Supplied records ->

=====

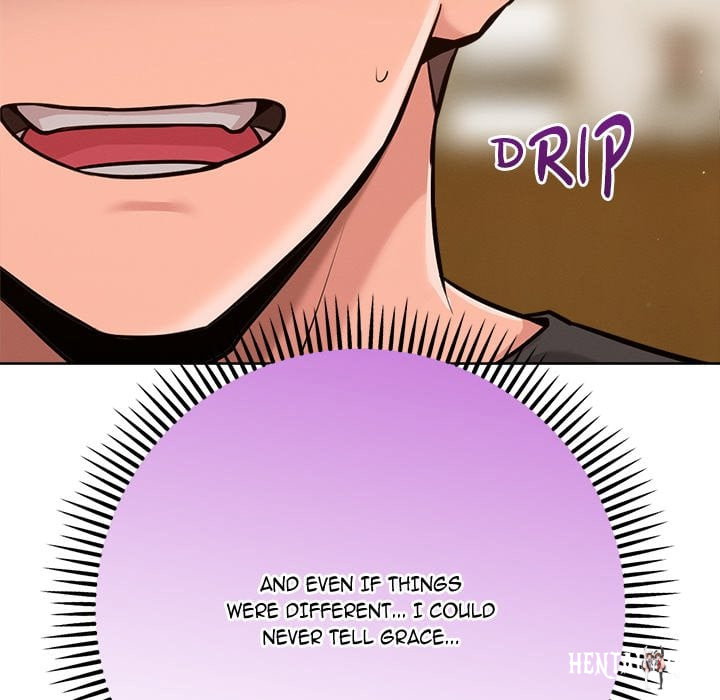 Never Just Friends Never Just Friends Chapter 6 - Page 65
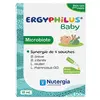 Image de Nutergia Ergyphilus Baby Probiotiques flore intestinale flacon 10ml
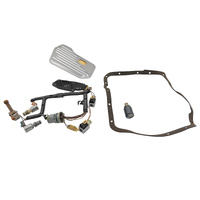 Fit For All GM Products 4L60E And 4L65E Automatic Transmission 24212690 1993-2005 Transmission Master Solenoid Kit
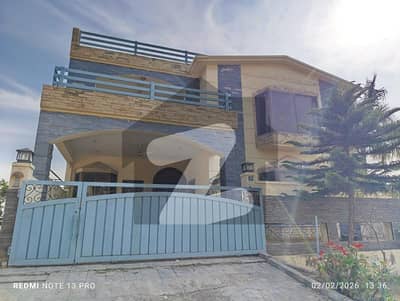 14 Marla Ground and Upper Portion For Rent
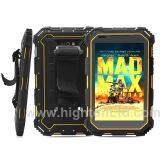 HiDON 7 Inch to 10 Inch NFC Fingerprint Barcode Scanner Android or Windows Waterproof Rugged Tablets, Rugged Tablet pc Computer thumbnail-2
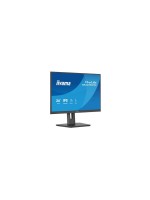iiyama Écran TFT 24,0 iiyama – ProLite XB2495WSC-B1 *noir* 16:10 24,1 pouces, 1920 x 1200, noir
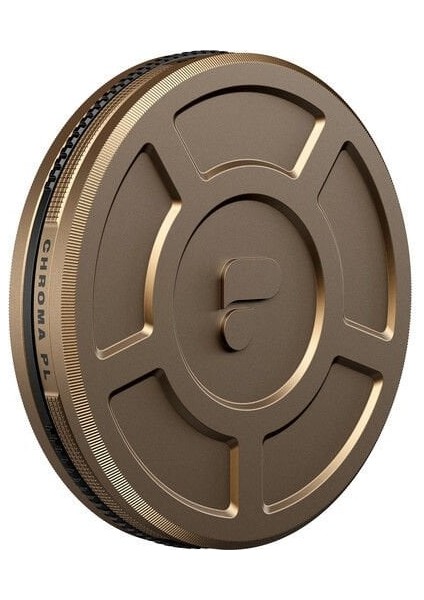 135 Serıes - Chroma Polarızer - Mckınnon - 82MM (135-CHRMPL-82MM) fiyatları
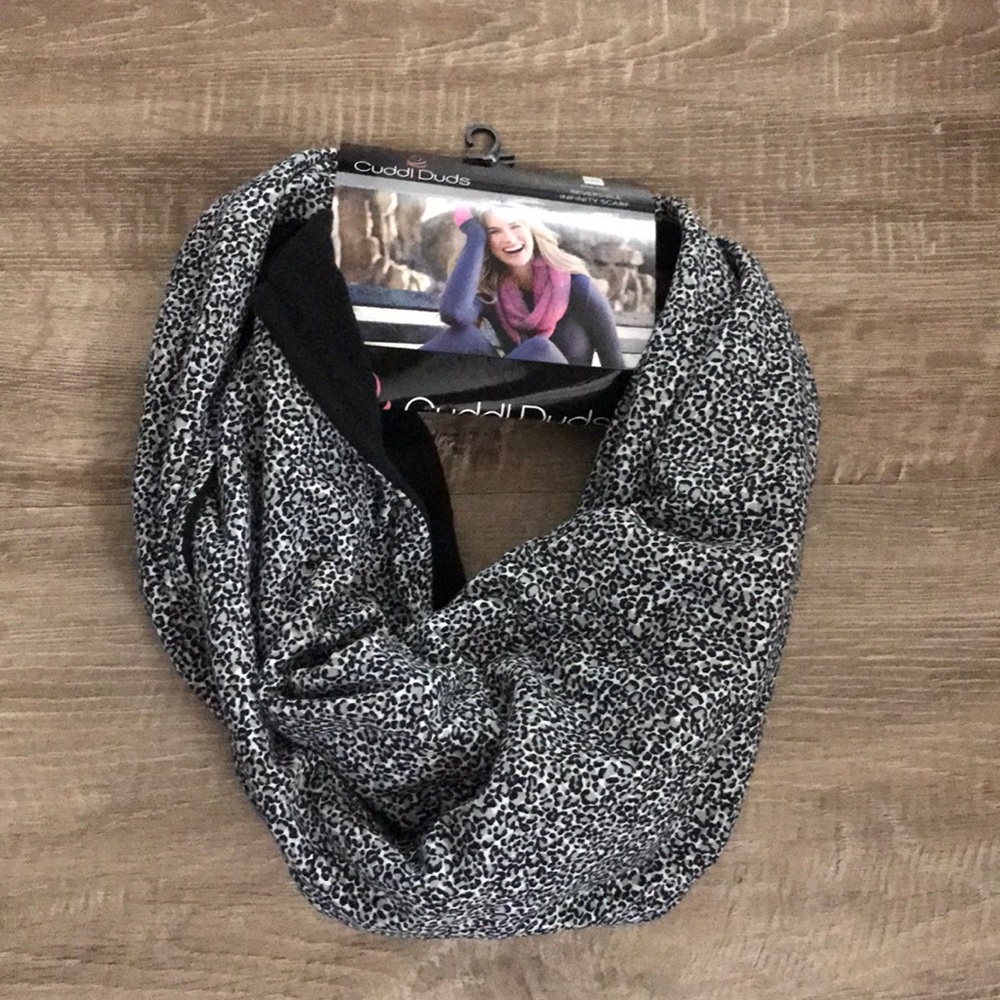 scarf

=====

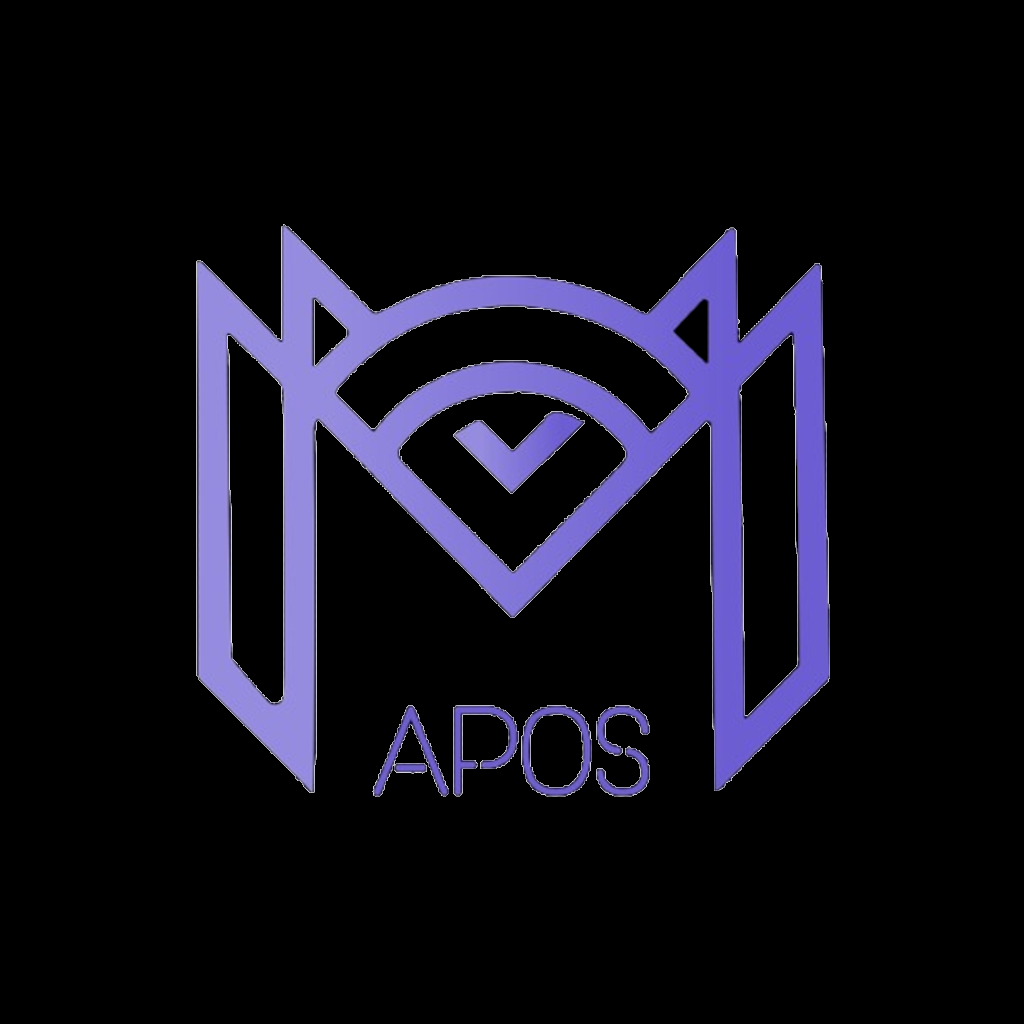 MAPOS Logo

=====

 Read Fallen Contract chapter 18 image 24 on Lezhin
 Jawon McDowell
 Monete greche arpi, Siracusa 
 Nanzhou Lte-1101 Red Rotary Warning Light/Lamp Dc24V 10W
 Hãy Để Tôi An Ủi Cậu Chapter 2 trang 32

=====

Task to complete -> From the material above, copy exactly the lines between the line holding "Jawon McDowell" and the line holding "Hãy Để Tôi An Ủi Cậu Chapter 2 trang 32", inclusive, and only those.

Your solution ->
 Jawon McDowell
 Monete greche arpi, Siracusa 
 Nanzhou Lte-1101 Red Rotary Warning Light/Lamp Dc24V 10W
 Hãy Để Tôi An Ủi Cậu Chapter 2 trang 32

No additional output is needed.